Bug 3997 covers part of it, but part of it looks like a separate
issue; please file a bug on the issue with strcpy etc.

4. unimplemented gcc command line switches

there're some switches that are used by the linux Makefiles but not yet implemented
in clang. beyond the noise (unless surpressed with -Qunused-arguments) there's actually
a problem caused by one of them: -fno-optimize-sibling-calls. it appears that this
optimization cannot be controlled in llvm and as a result some assumptions that the
kernel makes about the call chain depth at certain points will be invalid (some
tracing/logging code wants to look up the callers 2-3 levels up and due to this
optimization it can result in the code dereferencing userland frame pointer values).
for now i worked this around at the few places i ran into so far, but this should be
fixed in llvm and clang i think.

Please file a bug for fno-optimize-sibling-calls. Please file bugs
for any other useful flags that are unimplemented. Note that clang
will sometimes complain that supported arguments are irrelevant to the
requested operation.

5. -Wformat false positives

there's some recent change here which makes clang complain about a lot of format
strings that are valid in linux (being a freestanding environment and sporting its
own format string parser, not to mention extensions). i don't know what the right
solution here would be though, but this causes lots of noise during compilation
(and turning the warning off may miss real problems).

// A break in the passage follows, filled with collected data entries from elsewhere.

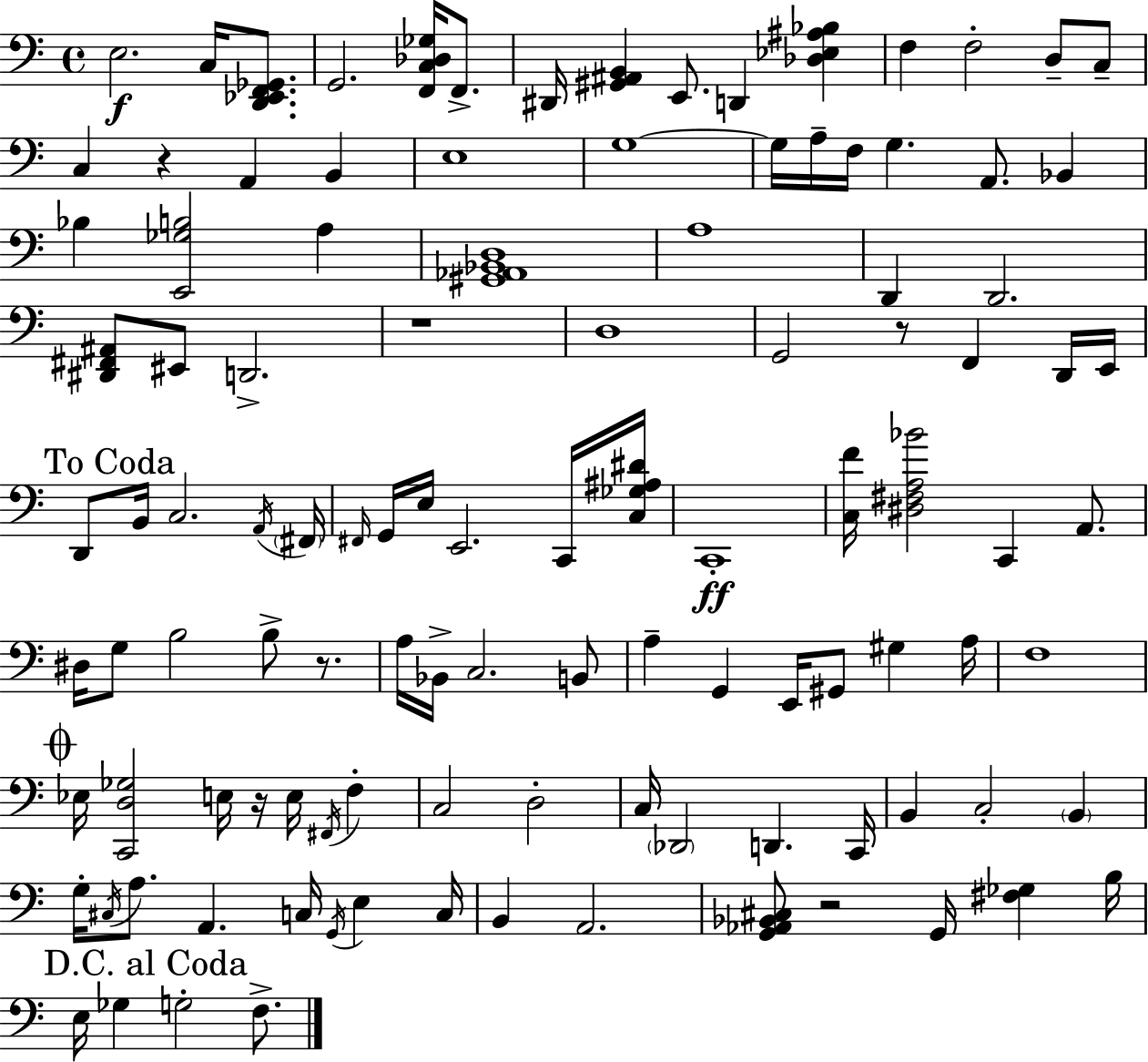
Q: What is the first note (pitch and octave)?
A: E3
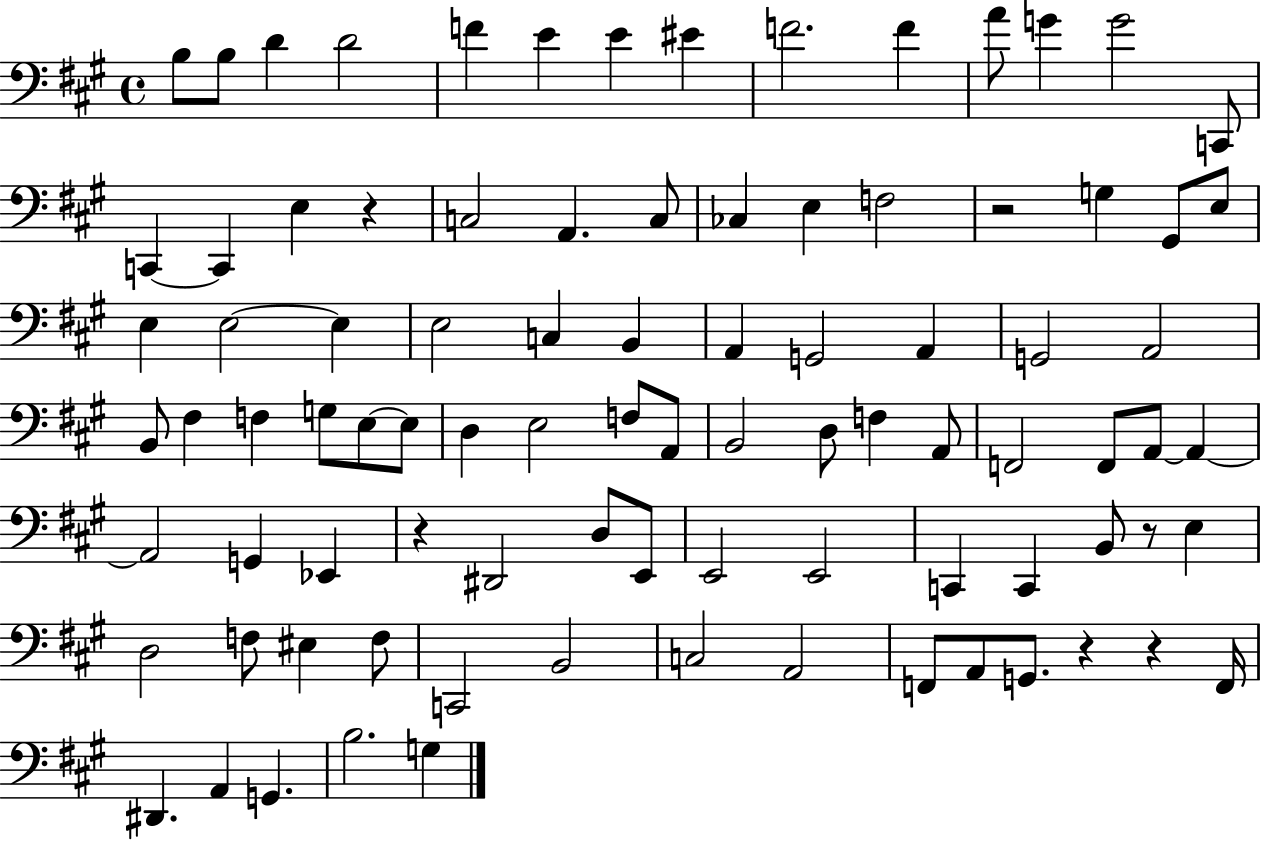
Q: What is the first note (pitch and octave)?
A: B3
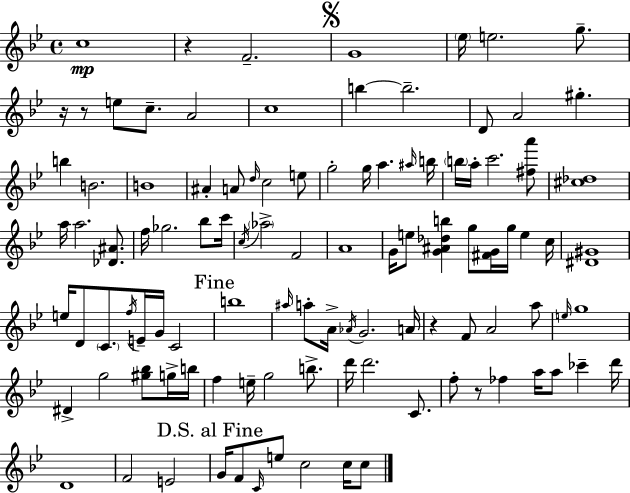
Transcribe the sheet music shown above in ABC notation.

X:1
T:Untitled
M:4/4
L:1/4
K:Gm
c4 z F2 G4 _e/4 e2 g/2 z/4 z/2 e/2 c/2 A2 c4 b b2 D/2 A2 ^g b B2 B4 ^A A/2 d/4 c2 e/2 g2 g/4 a ^a/4 b/4 b/4 a/4 c'2 [^fa']/2 [^c_d]4 a/4 a2 [_D^A]/2 f/4 _g2 _b/2 c'/4 c/4 _a2 F2 A4 G/4 e/2 [G^A_db] g/2 [^FG]/4 g/4 e c/4 [^D^G]4 e/4 D/2 C/2 f/4 E/4 G/4 C2 b4 ^a/4 a/2 A/4 _A/4 G2 A/4 z F/2 A2 a/2 e/4 g4 ^D g2 [^g_b]/2 g/4 b/4 f e/4 g2 b/2 d'/4 d'2 C/2 f/2 z/2 _f a/4 a/2 _c' d'/4 D4 F2 E2 G/4 F/2 C/4 e/2 c2 c/4 c/2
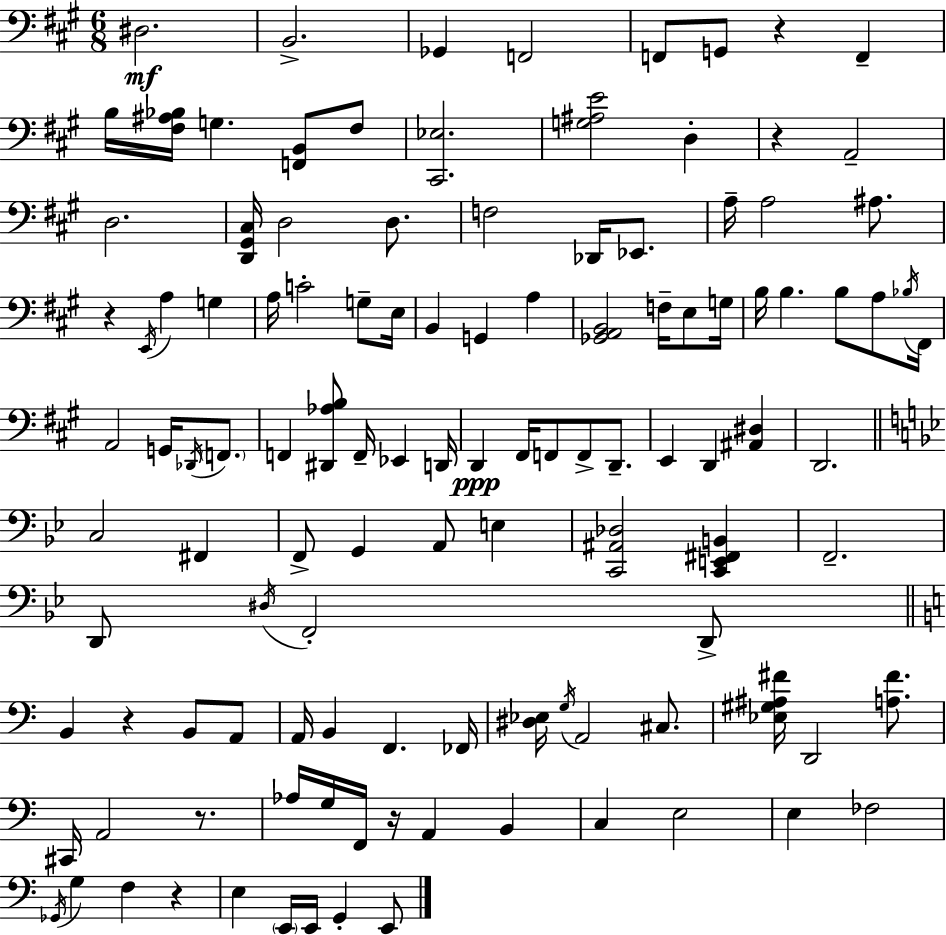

Your description doesn't make it clear why clang is warning but gcc isn't.

6. weak functions and optimization

it appears to be yet another bug in that when a weak function with an empty body
is encountered in a compilation unit, the optimizer assumes that that's there is
to this function and omits passing arguments to calls to the weak function (and
presumably non-empty bodies would trigger other kind of optimizations not necessarily
valid for the overrides).

obviously this is incorrect since the whole point of a weak function is that it
can be overridden in another compilation unit and therefore no assumptions can be
made about it in the optimizer. this particular problem arises in linux in a few
places as weak functions are sometimes used to implement arch specific overrides.

Fixed in r126720.

7. bounds checking false positives

this came up in the signal handling code, in particular there's a _NSIG_WORDS define
that's used like this:

switch (_NSIG_WORDS) {
case 4: /*...*/
case 2: /*...*/
case 1: /*...*/
}

and the different cases index into an array. now the problem is that _NSIG_WORDS
is 2 for i386 but clang still evaluates case 4 and warns about the out-of-bounds
array accesses in there. a similar false positive arises in expressions like this:

sizeof(long) == 8 ? /*...*/ : /*...*/ ;

where the code meant for the 64 bit archs gets evaluated even on 32 bit archs
and usually gives some warning, depending on the exact statements used. it'd be
nice to fix this somehow.

Please file a bug. Although, there have been very recent changes
here, so please update to trunk first.

8. rip relative addressing in mcmodel=kernel

this is amd64 related but i thought i'd mention it here. the third attached patch
allows llvm to generate rip relative accesses for kernel mode code as well (this
is what gcc does too), and this in turn reduces the size of a relocatable kernel.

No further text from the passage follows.